What is expected:
Transcribe the full listing below, word for word, without pictures.

Collected data:
————
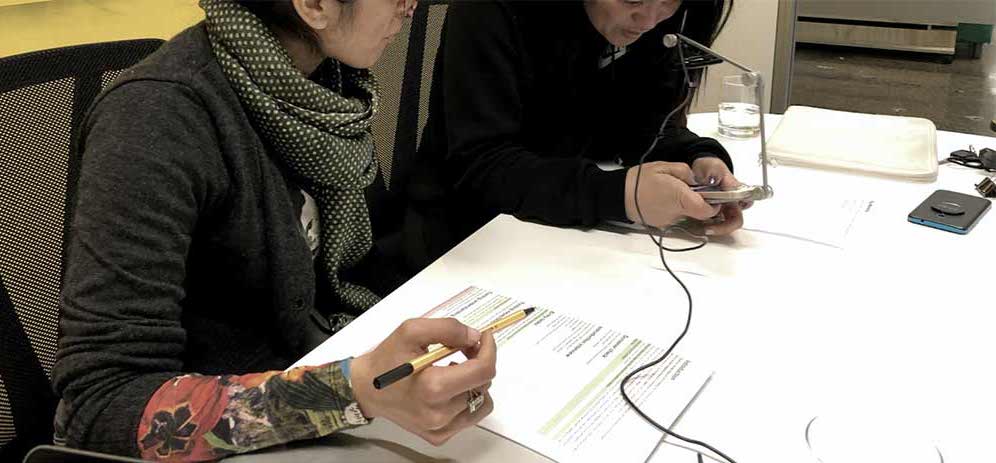 Woman conducting a usability test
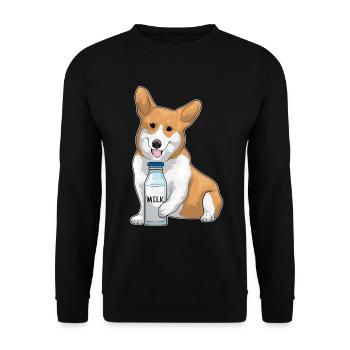 Corgi Milch - Unisex Pullover - Schwarz - Vorne - Alina (178cm) & Michal (187cm)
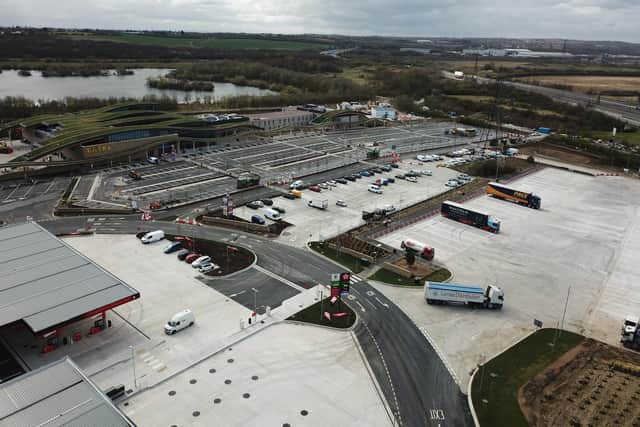 The brand new 64M services on the M1 at Leeds Skelton Lake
————
Exercise output:
 Woman conducting a usability test
 Corgi Milch - Unisex Pullover - Schwarz - Vorne - Alina (178cm) & Michal (187cm)
 The brand new 64M services on the M1 at Leeds Skelton Lake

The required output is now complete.